Ces mêmes forces, réellement de droite ou faussement de gauche, s'accommodent tout à fait de l’essence oligarchique d’une « Union » construite par et pour la classe dominante. En cela elles perpétuent leur tradition politique, la même que celle des prétendus “pères de l’Europe”, tous éminemment conservateurs (CDU allemande, Démocratie chrétienne italienne, Parti conservateur britannique, MRP français…). Du plan Marshall au Traité de Lisbonne, en passant par la participation à l’OTAN et les plans austéritaires ignominieux imposés aux pays du Sud depuis 2010, cette Europe accomplit sa vocation de syndicat des puissances de l’argent, au mépris de la volonté populaire qui l’a rejetée dans les urnes à maintes reprises. Que les porte-coton du capital se mettent en branle pour faire élire un maximum de député-e-s européen-ne-s est donc dans l’ordre des choses.

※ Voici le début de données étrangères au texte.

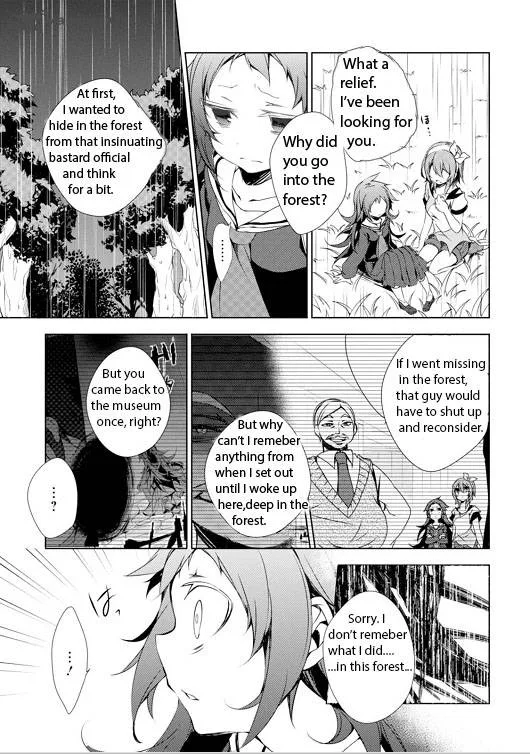 Forest Of Drizzling Rain Chapter 4 page 27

En revanche, la participation aux européennes des formations de gauche ne repose que sur une illusion persistante. Irrémédiablement attaché à un idéal européen chimérique et hors-sol, tout un pan de la gauche continue à rêver éveillé d’une Union européenne enfin devenue démocratique et sociale, plus de 40 ans après les premières promesses d’une autre Europe par le Parti Socialiste d’alors. Des décennies entières de construction européenne pilotées par le camp du capital sans aval démocratique ne l’ont pas décillée. Elle s’en va donc à nouveau attaquer des moulins, avec en étendard le mantra de “l’Europe des peuples”. Que celle-ci n’en soit qu’au stade de l’avant-projet, 70 ans après le traité de Paris instituant la Communauté Européenne du Charbon et de l’Acier, ne semble donc pas porter la gauche, branche radicale comprise, à la conclusion qui s’impose : l’Europe sociale n’aura pas lieu.

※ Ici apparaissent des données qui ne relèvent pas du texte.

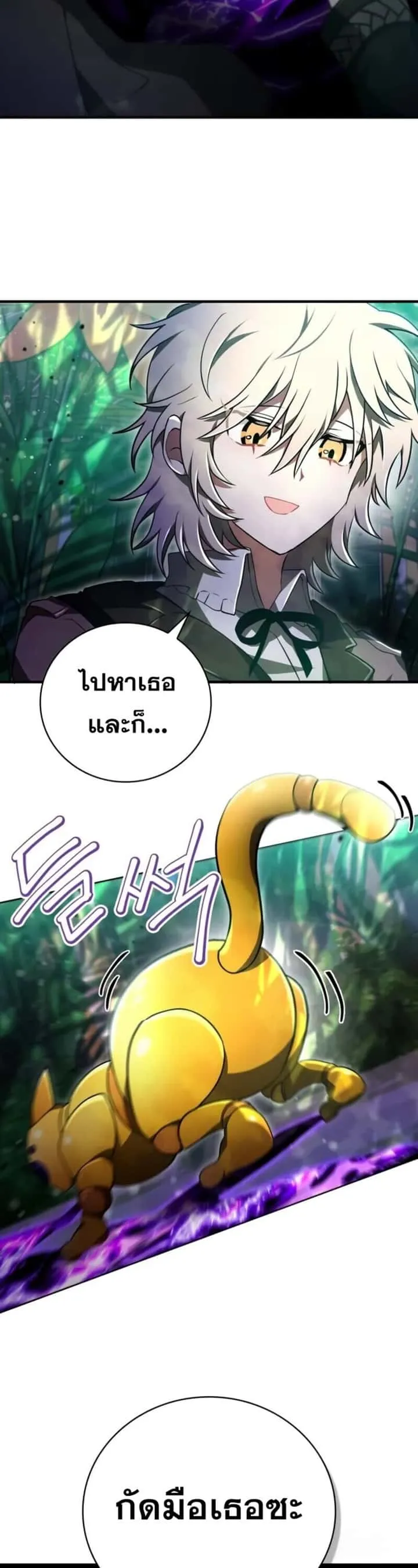 หน้า 53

Conjuguée aux disparités économiques, sociales et démographiques, l’absence d’une communauté politique européenne authentique rend illusoire toute convergence des différents pays. La construction européenne est vouée à demeurer l'apanage des dominants. Continuer à croire à cette Union, dont l’objectif même est de subordonner les espaces souverains à la technocratie bruxelloise elle-même sous influence(s), revient à se rendre complice de la destruction méthodique des sociétés qui survivent tant bien que mal sous sa coupe. Les salaires, les services publics, le tissu industriel, l’agriculture paysanne : tout y passera. Tout doit disparaitre.
Prenant acte du caractère irréformable de l’Union européenne, convaincus que l’avènement d’une souveraineté populaire passe par une sortie du capitalisme, nous boycotterons l’élection européenne qui se tiendra le 26 mai, et appelons les citoyen-ne-s du continent à en faire autant. Parallèlement nous voyons dans l’abstention record qui se profile l’occasion de constituer un large front continental d’opposition radicale à l’UE et de promotion d’une nouvelle forme de coopération internationale, attachée à multiplier les points de contact non-marchands et non-militaires (culturels, scientifiques, intellectuels, touristiques, sportifs) entre les pays d’Europe, ainsi qu’avec les voisins africains et asiatiques, dans le respect du droit de chaque peuple à décider de son destin.